[Entries taken from a collection]
-- Opening Marker --

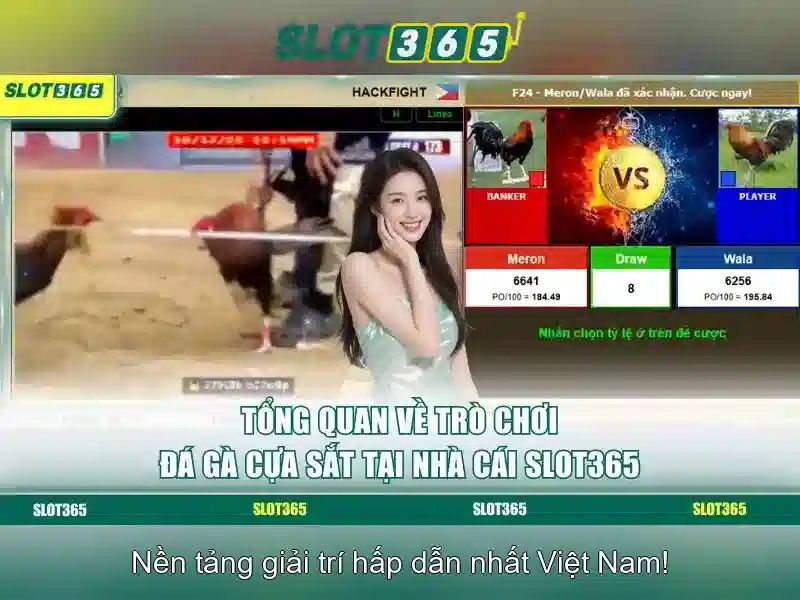Giao diện nhà cái hoàn hảo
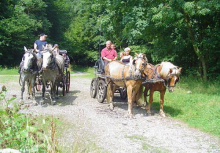 Ferme du château de Laneffe, gîte accueil cavalier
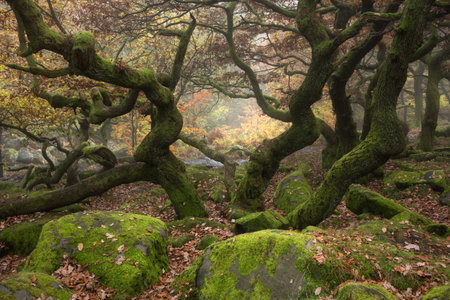 Stunning dramatic Autumn Fall landscape during misty morning in Padley Gorge in Peak Districtの写真素材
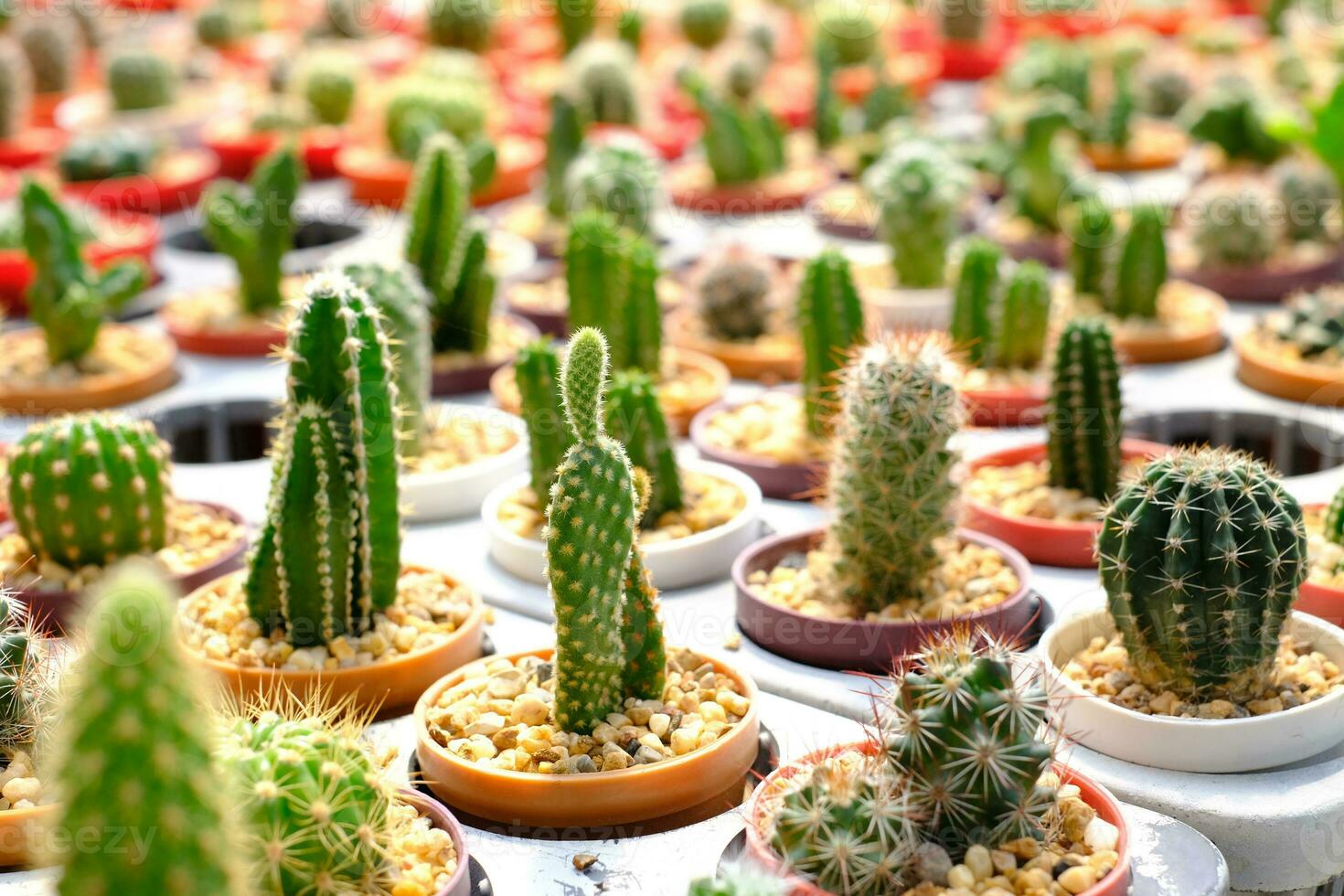 A group of cactus in a small pot in the garden. photo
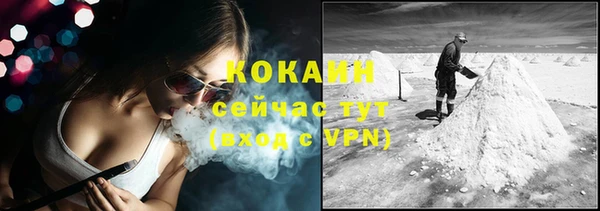 гашик Костерёво
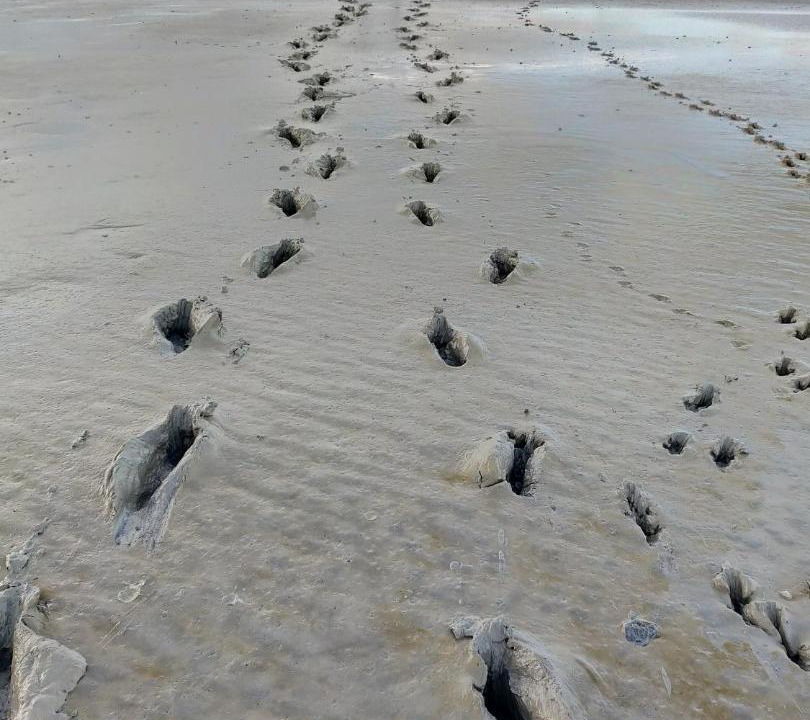 Photo of Others in Saint-Jean-le-Thomas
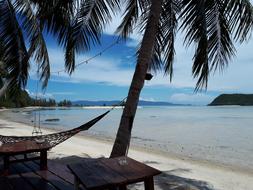 Beach Strand Relax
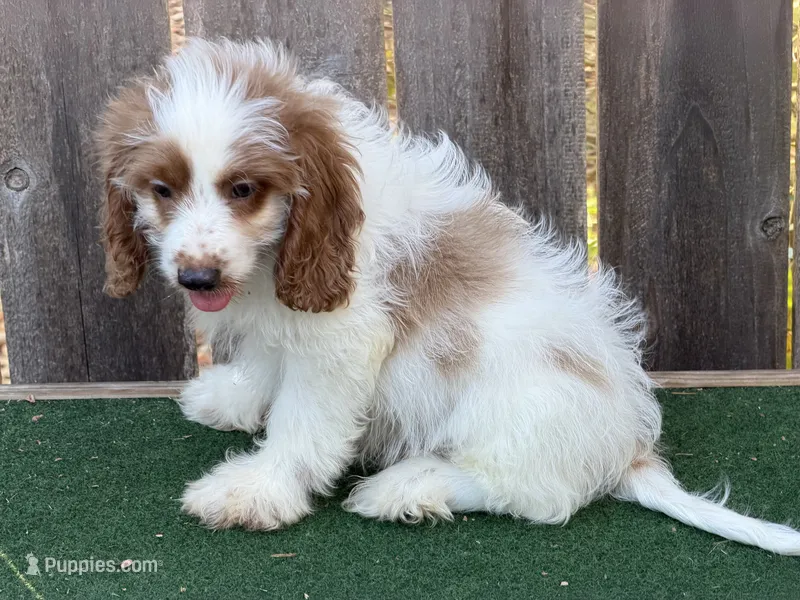 Male – Cockapoo puppy for sale in Selmer, TN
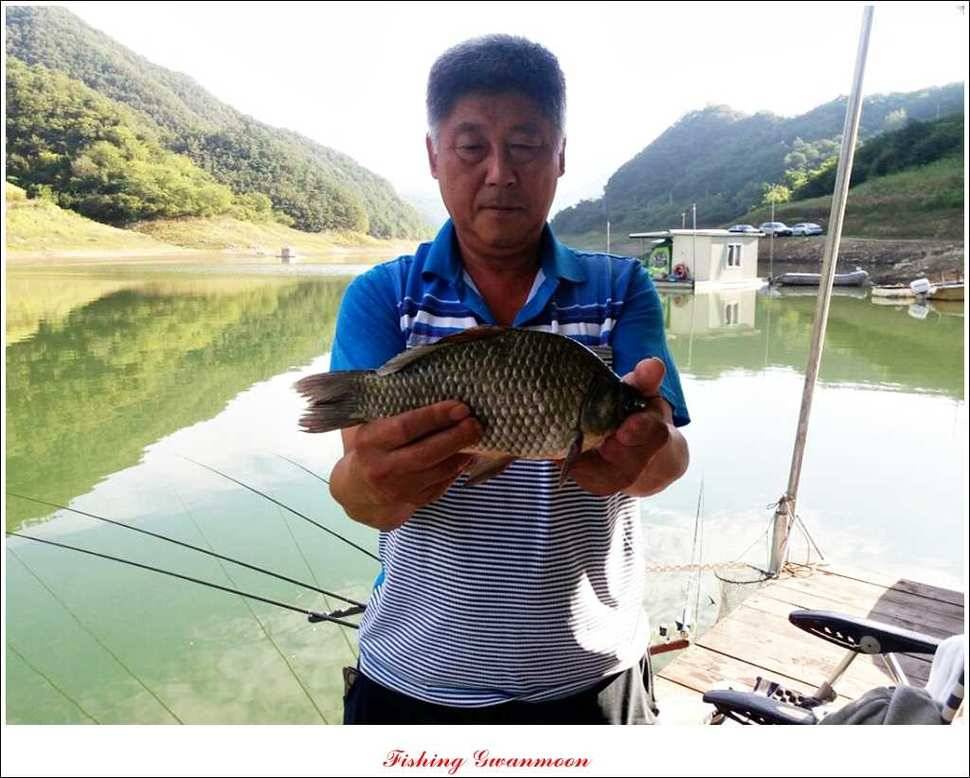 문골돌감실리곡화곡지 조황 (조황조행기 - 특파원조황)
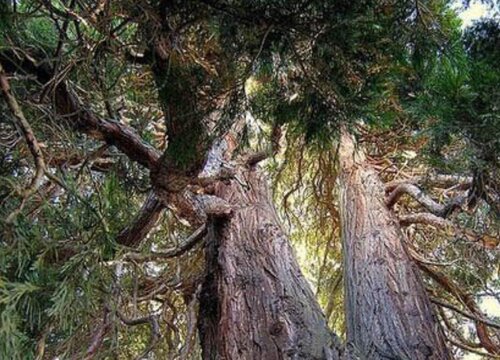 中国十大稀有珍贵名木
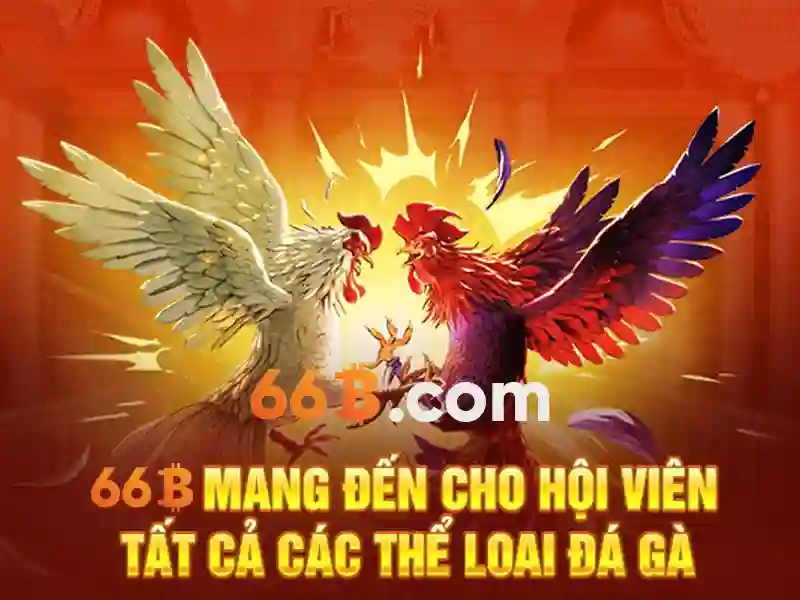Nguồn gốc và ý nghĩa của 66b\n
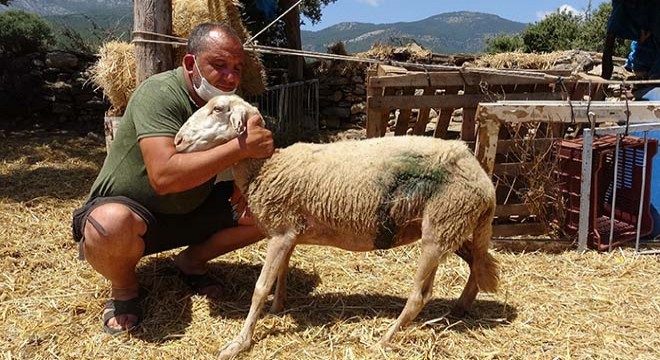 Koyunları, köpeklerce telef edilen mahalleli tedirgin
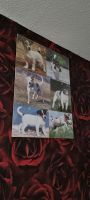 Jack Russell Terrier Bilder Sachsen-Anhalt - Ilsenburg (Harz) Vorschau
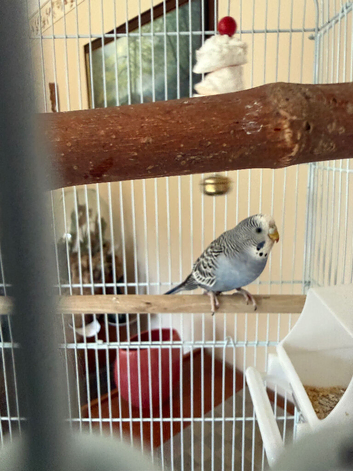 Young friendly hen budgerigar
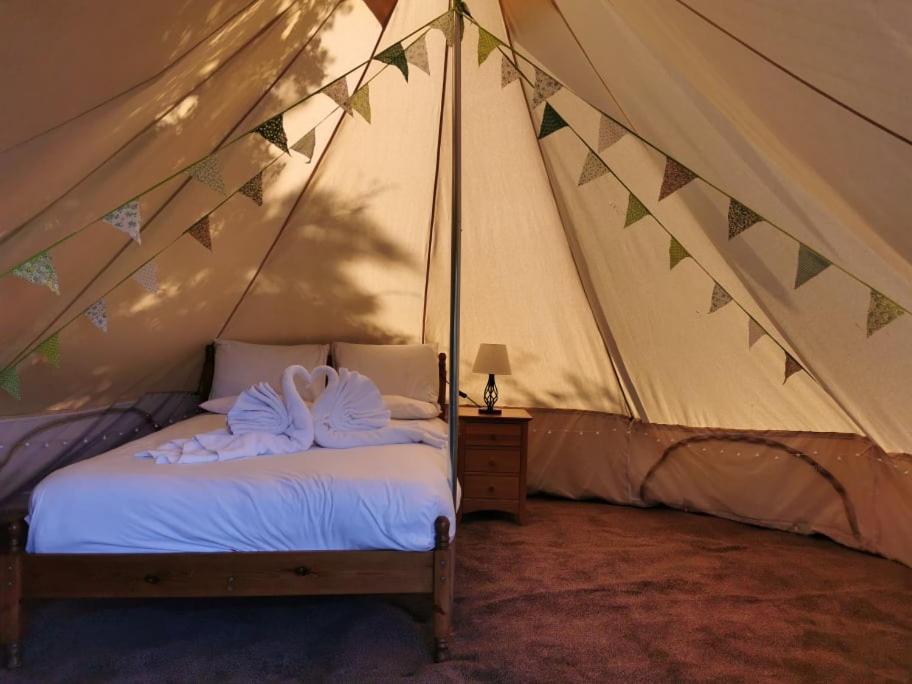 Wall Eden Farm - Luxury Log Cabins And Glamping Highbridge Dış mekan fotoğraf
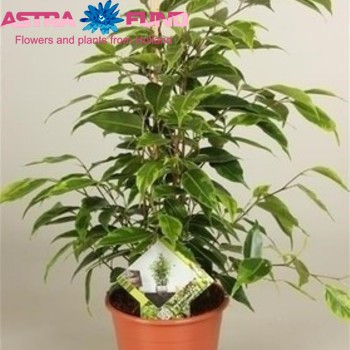 Ficus benjamina 'Anastasia' zdjęcie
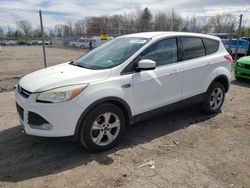 Ford Escape salvage cars for sale: 2013 Ford Escape SE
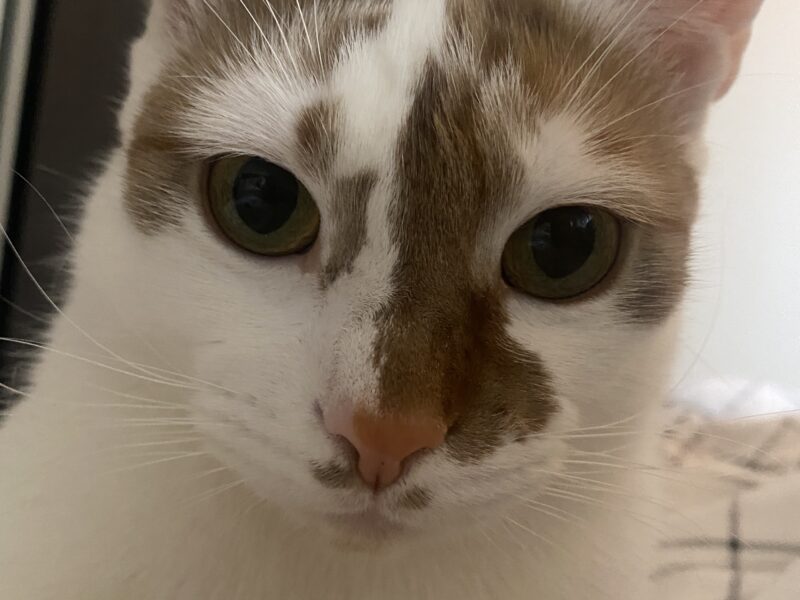 Alert Polska Zaginął kot Murczyk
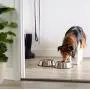 AmazonBasics Stainless Steel Dog Bowl AmazonBasics Stainless Steel Dog Bowl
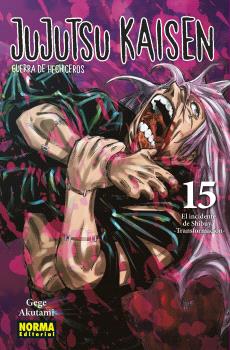 JUJUTSU KAISEN 15 - 151924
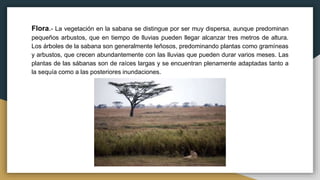 Flora.- La vegetación en la sabana se distingue por ser muy dispersa, aunque predominan
pequeños arbustos, que en tiempo de lluvias pueden llegar alcanzar tres metros de altura.
Los árboles de la sabana son generalmente leñosos, predominando plantas como gramíneas
y arbustos, que crecen abundantemente con las lluvias que pueden durar varios meses. Las
plantas de las sábanas son de raíces largas y se encuentran plenamente adaptadas tanto a
la sequía como a las posteriores inundaciones.
 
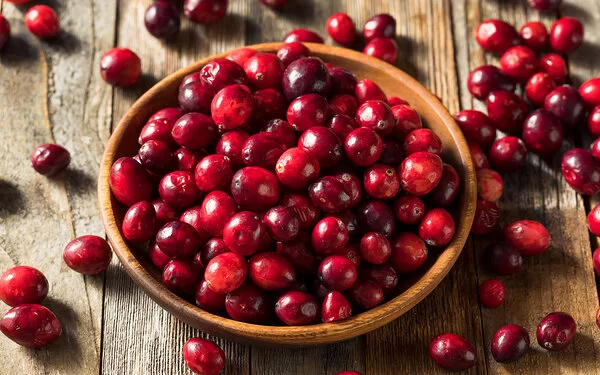 Rohe Cranberries in einer Schale.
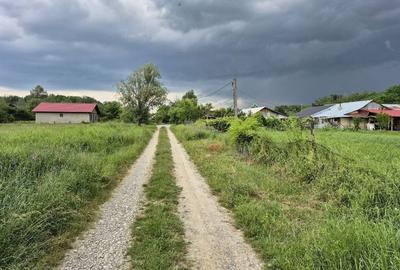 Teren intravilan langa pădure 1260 mp , deschidere 20 ml Prahova -Misl - 12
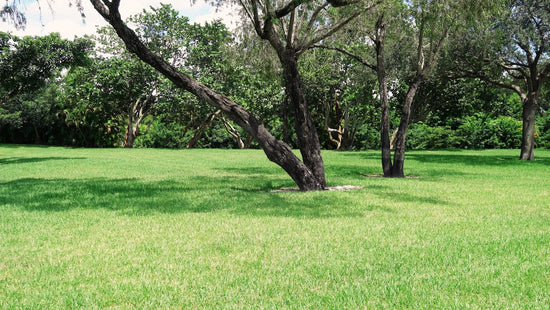 lawn with trees and grass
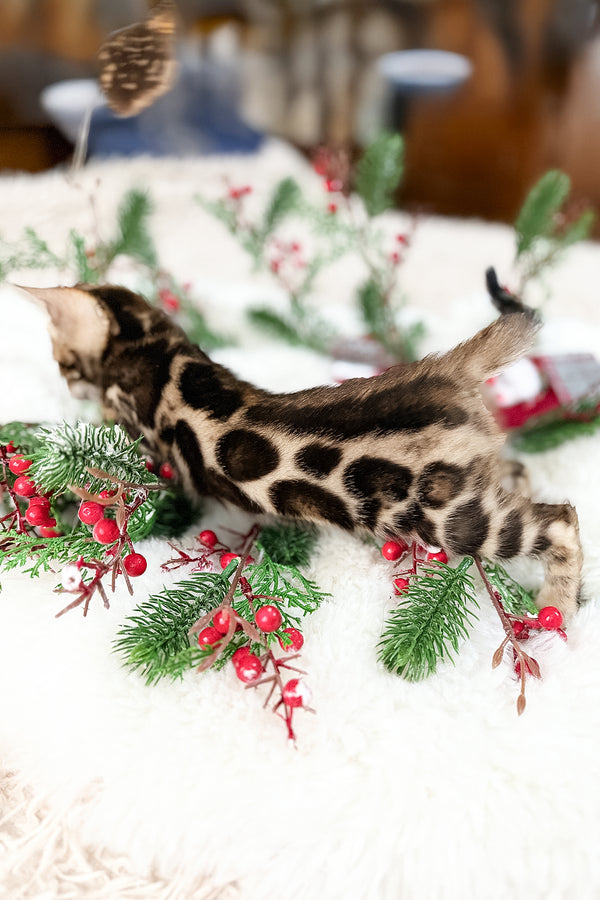 Gustav | Bengal Kitten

-- Closing Marker --

Return a copy of each line in the records above that has "arbustos" in it.

RESPONSE TO THIS TASK
pequeños arbustos, que en tiempo de lluvias pueden llegar alcanzar tres metros de altura.
y arbustos, que crecen abundantemente con las lluvias que pueden durar varios meses. Las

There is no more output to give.